Transcribe the data as written, minus images.

> DATA EXTRACT
============
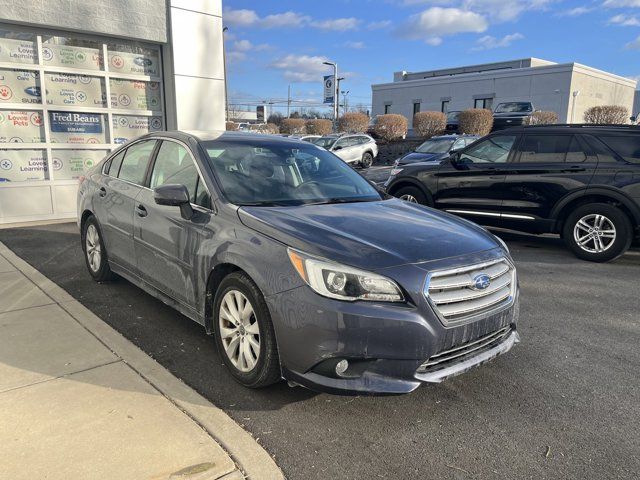 2017 Subaru Legacy Premium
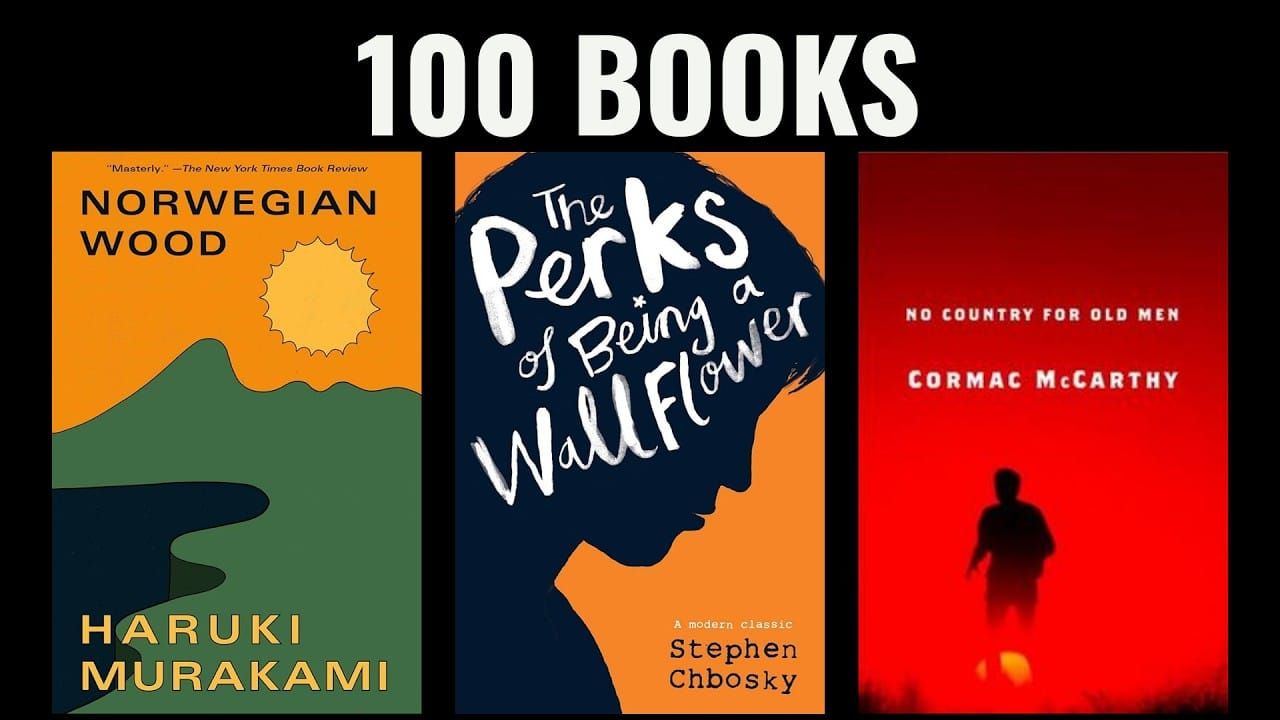 100 more books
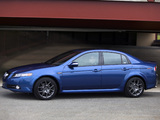 Acura TL Type-S (2007–2008) photos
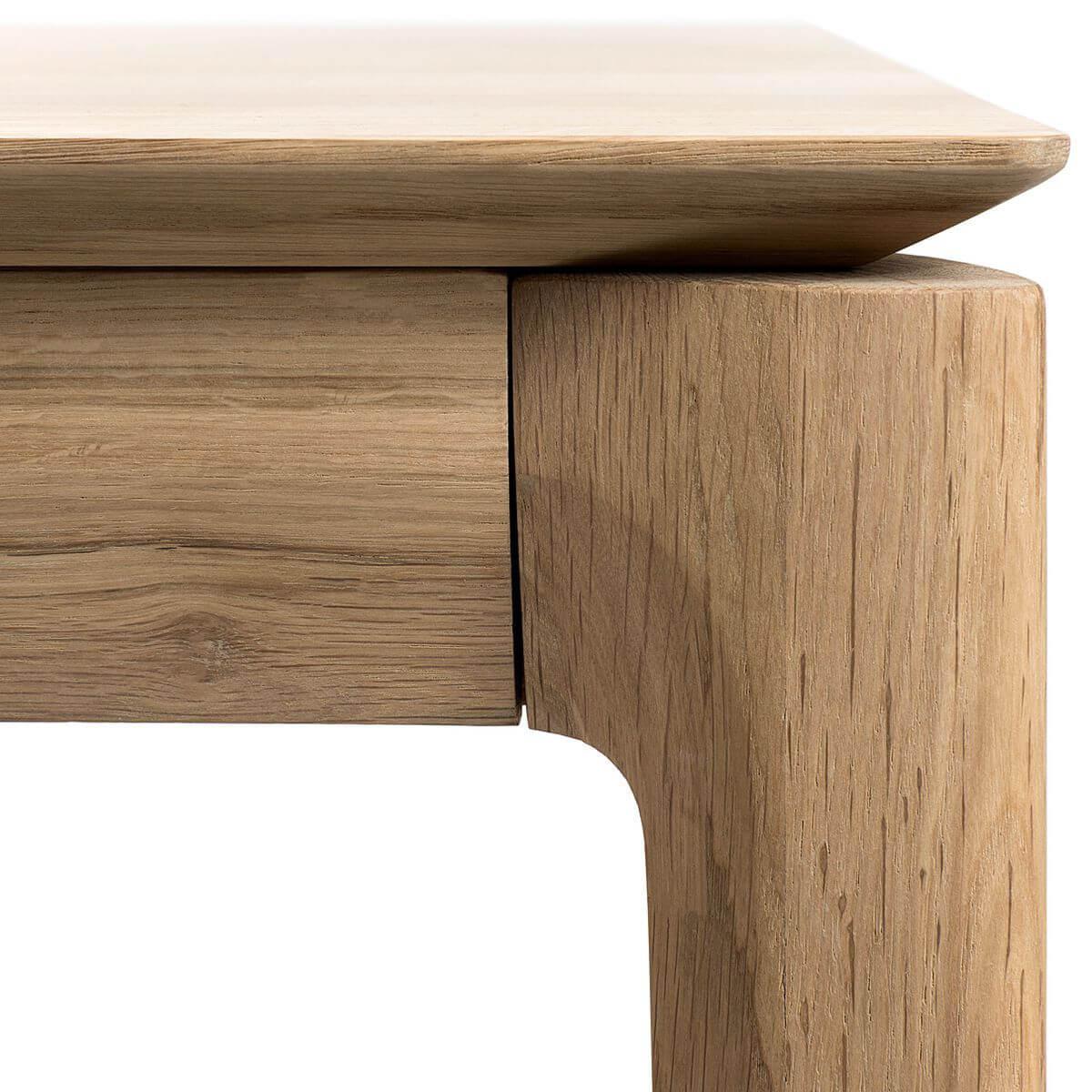 Table BOK Ethnicraft chêne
============
> EXERCISE ANSWER
 2017 Subaru Legacy Premium
 100 more books
 Acura TL Type-S (2007–2008) photos
 Table BOK Ethnicraft chêne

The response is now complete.